Le voyage forme-t-il toujours ? Ne déforme-t-il pas souvent le voyageur, mais aussi et surtout l’environnement physique et social ? Et pour cette construction d’un nouvel art de vivre, le voyage ne peut-il être vu comme un moyen important, fondamental, de découverte de soi et du monde, à alterner judicieusement avec des périodes de non-voyage ? Ainsi, le voyage tel un synchroniseur possible de vie.
« Voyage », son radical « voy » et son suffixe « age » qui indiquent la pratique, l’usage avec en l’occurrence ici, l’usage de la voie. Dans la culture extrême orientale, la voie – le tao- est érigée comme chemin symbolique de connaissance et de sagesse. La voie du ciel et de la terre, du cœur et de l’âme, du monde, de l’amitié, de l’ambition, de l’existence…

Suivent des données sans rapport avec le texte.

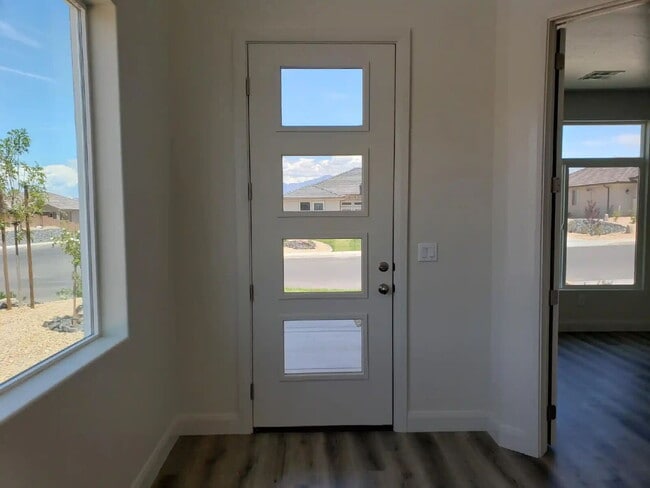 Building Photo - “St. George, Aspen Estates: 5 spacious bed...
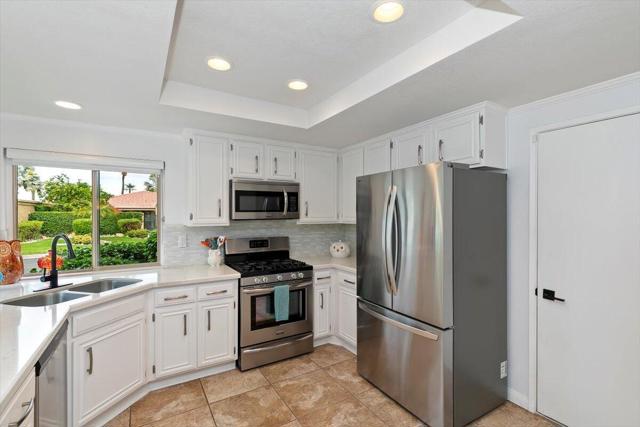 44509 Sorrento Court, Palm Desert CA: https://media.crmls.org/mediaz/0f74194d-b8f7-41fc-8586-23e202bddedf.jpg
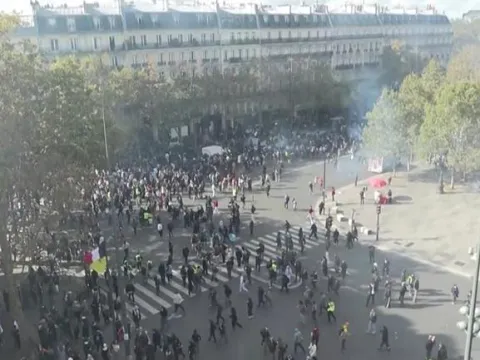 Macron’dan sanal medya sözleri: “Demokrasilerimize zarar veriyor” - fotoğraf 3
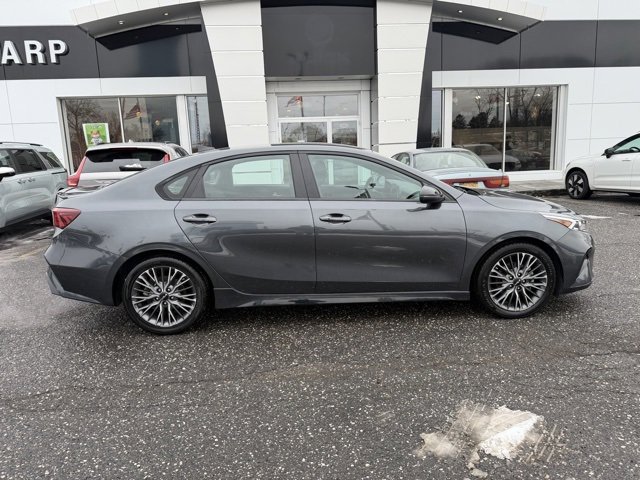 Used 2023 Kia Forte GT-Line w/ GT-Line Premium Package image 6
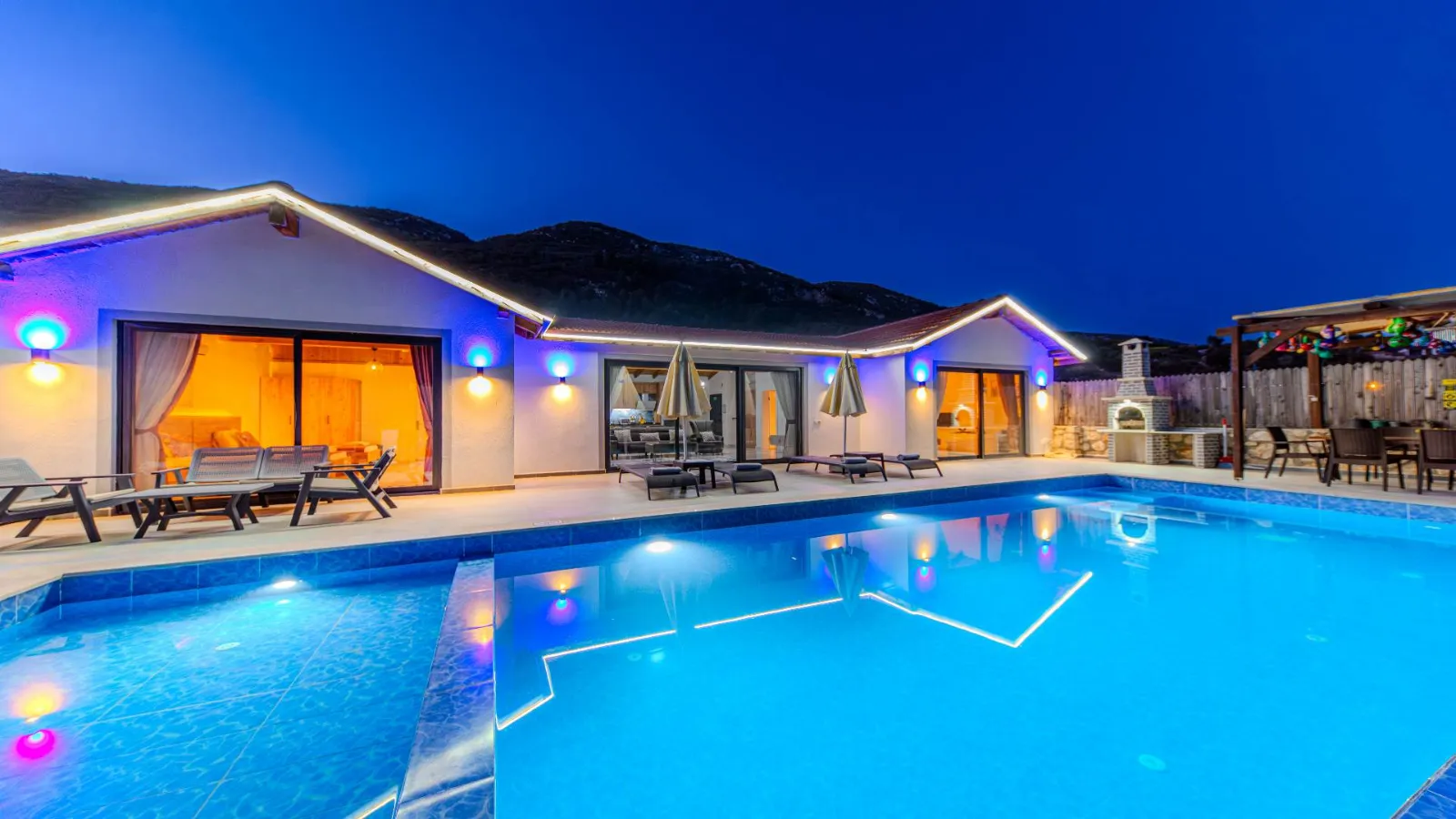 Villa Delia — kapak fotoğrafı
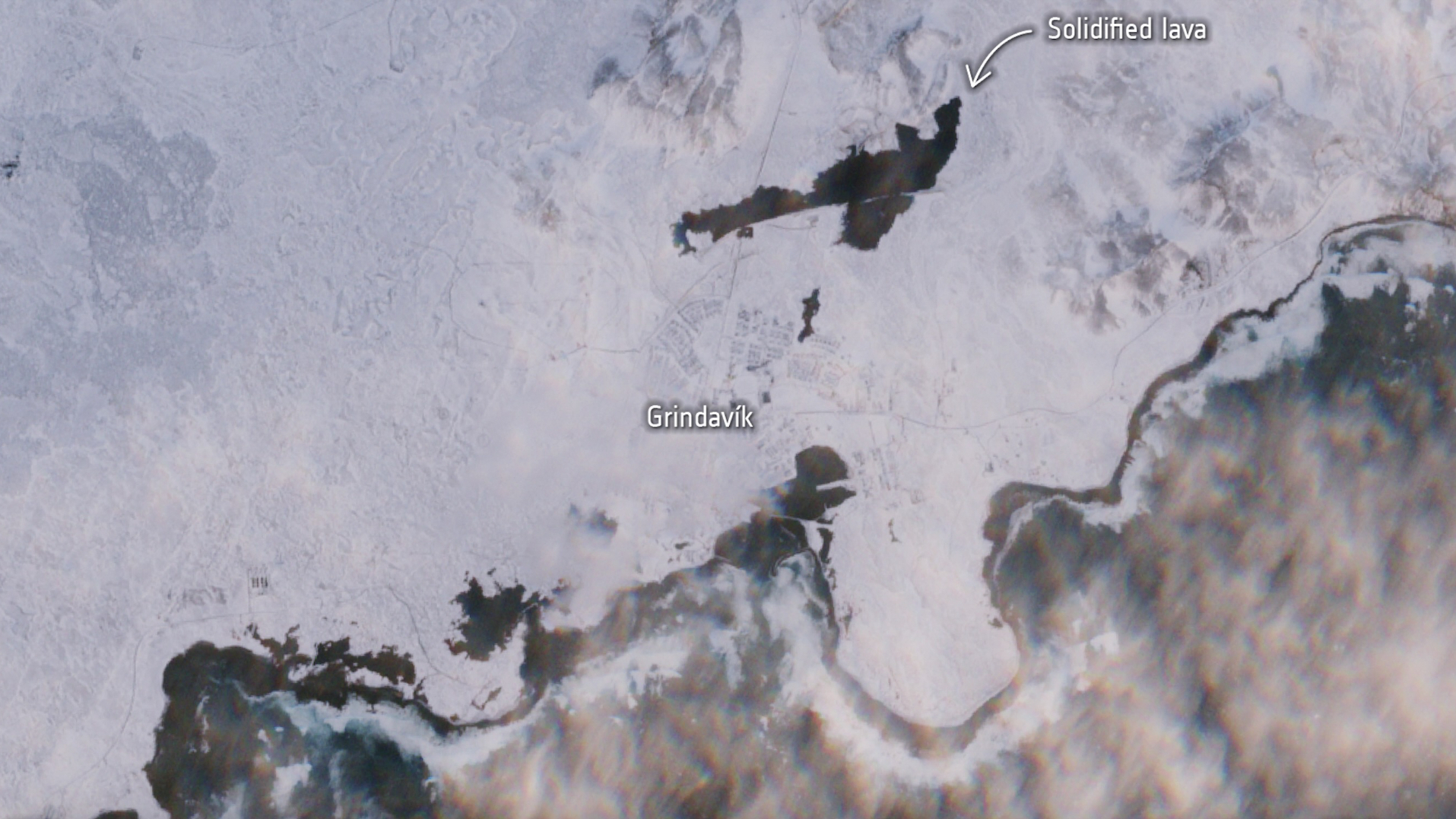 Lava from Iceland volcano spied from space (satellite photo) Space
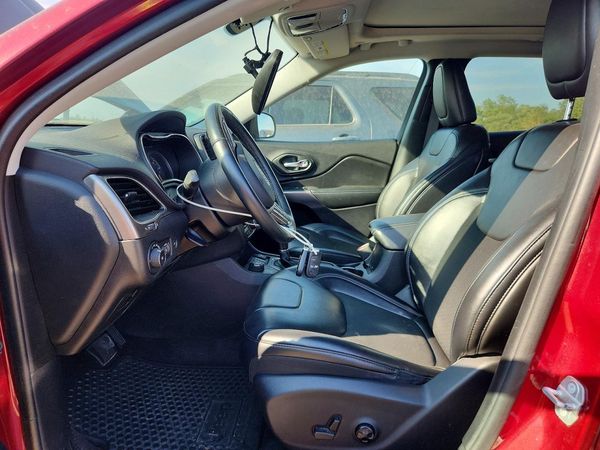 2019 JEEP CHEROKEE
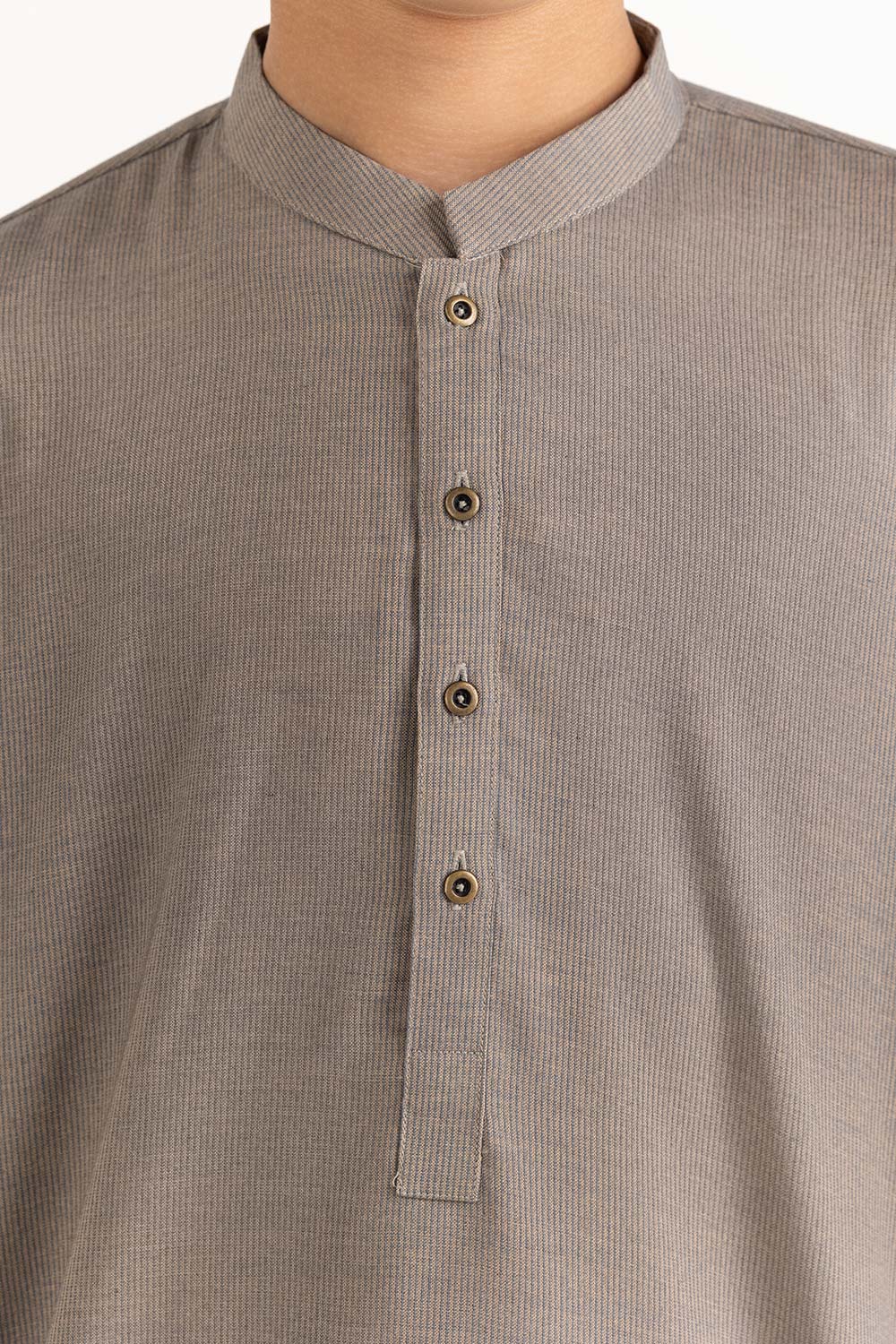 Detailed view of GulAhmed’s Silver Chalice kurta, highlighting its soft blended fabric – a perfect Pakistani suit for kids in Canada.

« Pulsion migratoire », André Gide murmurait à la jeunesse : « Seules resteront vivantes les plantes qui jailliront loin de l’arbre semeur », désir d’exister, au sens étymologique du terme, « ek-sistence » qui sous-entend le mouvement, la coupure, le départ, le lointain. Exister, c’est sortir de soi.
Ce dont je suis redevable à mes rencontres interculturelles, c’est de me permettre, en bouleversant mes évidences par l’assurance tranquille avec laquelle ils adhèrent aux leurs, de m’interroger en retour sur ce que je tenais jusque là, plus ou moins consciemment, pour des vérités incontestables.